政府は、平成28年2016年1月に召集される通常国会に、「特許法改正案」を提出する見通しとなりました。日経新聞などの報道によります。
特許法の第67条は「特許権の存続期間は、特許出願の日から20年をもって終了する」とあります。
これについて、TPP条約=大筋合意=の第18章「知的財産」では、「特許期間延長制度」が盛り込まれ、「出願から5年、審査請求から3年を超過した特許出願の権利化までに生じた不合理な遅滞につき、特許期間の延長を認める制度」を導入するよう、大筋合意12か国に義務付けています。

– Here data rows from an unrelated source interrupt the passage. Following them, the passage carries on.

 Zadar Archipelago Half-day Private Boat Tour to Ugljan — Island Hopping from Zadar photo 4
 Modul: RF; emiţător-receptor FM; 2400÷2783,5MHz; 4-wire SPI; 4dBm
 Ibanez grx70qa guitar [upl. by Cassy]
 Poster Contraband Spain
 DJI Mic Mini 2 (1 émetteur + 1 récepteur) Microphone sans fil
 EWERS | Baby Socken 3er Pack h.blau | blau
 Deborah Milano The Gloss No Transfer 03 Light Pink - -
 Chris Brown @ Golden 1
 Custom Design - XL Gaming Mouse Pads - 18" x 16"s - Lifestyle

今の法律でも特許庁長官が期間を延長することができるようになっています(第4条)が、審査による遅れを算入して延長するよう義務付ける条文を国内法に落とし込むことになるようです。日経新聞(2015年10月22日付5面)によると、12か国の中には、審査に5年以上かかる国もあり、日本の1年半、ベトナムの4年半など平均の審査期間がまちまちのようです。日本の特許法のみならず、全加盟国が特許期間延長制度を法律化することで、日本企業などの特許の優位性を保つねらいがあるようです。
TPP条約第18章「知的財産」では、商標法も改正する見通しで、これの法案は束ね法案(一括法案)として提出されることも予想されます。また、たいてい議長は衆参とも経済産業委員会に付託するところですが、仮にTPP特別委員会が設置された場合は、そこに付託される可能性もあります。
これとは別に、先の通常国会で成立した改正特許法(平成27年7月10日法律55号)は、報道によると、平成28年3月ないし4月に施行される見通し。この改正では、会社員の特許の帰属が個人から会社に移ります。これについて、複数の特許を持つ会社員は、「その改正は知らなかったが、今までも会社と契約書を結んでいたので、変わりないのではないか」 と語っています。しかし、実際には、これまで、個人名で登録されていたものが会社名で登録させることで、Google検索で引っかからなくなります。仮に大学教授などへの転職をはかる場合などに業績の明示がしにくくなります。中期的に会社からのボーナスや人事評価に少なからぬ影響があるかもしれません。来春の施行前に、労働組合で確認してみるといいのかもしれません。